The CASEVAC thing is interesting because it is a direct battlefield reaction rather than a casualty evacuation scenario like Blackhawk Down. To my mind, taking casualties will actually immobilise a standard western unit.  

AFP: Photo: An ISF team advancing

Here's a view from Norm:   
Jay - a good start. My initial question before starting reading was wondering how individual items such as HMG or inherent LMG could be handled, but your categories look good ...... Even a sniper, which surprised me. I bought Lion Rampant a few weeks ago and love the artwork, it instantly gave me a nostalgia trip of the sort of imagery used in my childhood Ladybird books like Richard III. 

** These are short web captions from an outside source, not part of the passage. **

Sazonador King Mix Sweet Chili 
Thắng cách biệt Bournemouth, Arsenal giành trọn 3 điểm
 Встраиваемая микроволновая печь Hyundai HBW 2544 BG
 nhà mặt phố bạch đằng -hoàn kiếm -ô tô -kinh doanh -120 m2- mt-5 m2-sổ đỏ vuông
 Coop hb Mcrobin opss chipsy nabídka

The sniper thing is really interesting. The US Marine scout sniper motto is "Kill one, terrorise a thousand" (Sun Tzu). I see snipers not as pinpoint killers of key personnel (although they do do this) but as an area denial weapon. I remember watching a fascinating programme about Marines in Iraq occupying the highest building in a town and shooting anyone who looked like they were going to plant an IED. Ignoring possible legal issues, this prevented the enemy operating in the area. A different effect from suppressive fire from an HMG, for example, more a psychological impact. Reminds me of the Sarajevo sniper problem.

I think that Lion Rampant is probably the most revolutionary set of rules I have ever seen. It reminds me of DBA to that extent. But DBA stuff always seemed to be DBA whereas LR can morph into different ages and arenas. I'm excited about undertaking the next stage of this. Maybe I can leave work early tomorrow!

Tuesday, 12 July 2016

Desert Eagle Rampant...

you what?

I wasn't sure what I should call my current work in progress. As the original conversion of Lion Rampant to Napoleonics in WI was entitled Eagle Rampant, my modern version is entitled Desert Eagle Rampant (DER). I'm afraid that Operation Breaking Terrorism Rampant doesn't feel quite right but Desert Eagle flows from Desert Shield and Desert Storm. Hey ho!

Moody shot of ISF approaching Fallujah
The proposition here is that Lion Rampant, a medieval semi-skirmish game, can be converted into a modern era squad level combat game. That may be quite a stretch. However, I think the LR engine is excellent. I felt very happy with the modifications that produced Dragoon Rampant. If I had any spare time I would be playing that tonight!  

The initial DER work is going really well so I thought I would post the rules as they are developing and invite some comments. Here they are. Unless I have to step in as leader of the Labour Party, I'll post the interesting bits (unit details) at the weekend.

Saturday, 2 July 2016


the final stages

Popular Mobilisation units in action north of Baghdad May 28, 2015.
I have just put the finishing touches to the outstanding components of the Battle for Ramadi game. This includes the really important operations board (without which the game can't be played!), VP and casualty tracks and track markers. You can find them here

The critical target of the Ramadi operation
My next adventure will be the Battle of Fallujah (Op. Breaking Terrorism). I have previously said that, unlike Ramadi, there seemed to be little information about the action. Having reviewed various sources I'm now fairly certain that there is enough material to develop a follow-up to the Ramadi game. It may end up a little different as the operational circumstances are different and there are significantly greater forces engaged.

However, I have a couple of jobs to do first. With Ramadi I plan to play test a full game and record it in photos for this blog. This may take a little while to do but will be important as it will "fix" the rules in place before I look at Fallujah. The other thing I have in mind following reviewing a lot of footage of the current fighting is a further Lion Rampant version dealing with modern small unit/asymmetrical warfare. It might be quite good!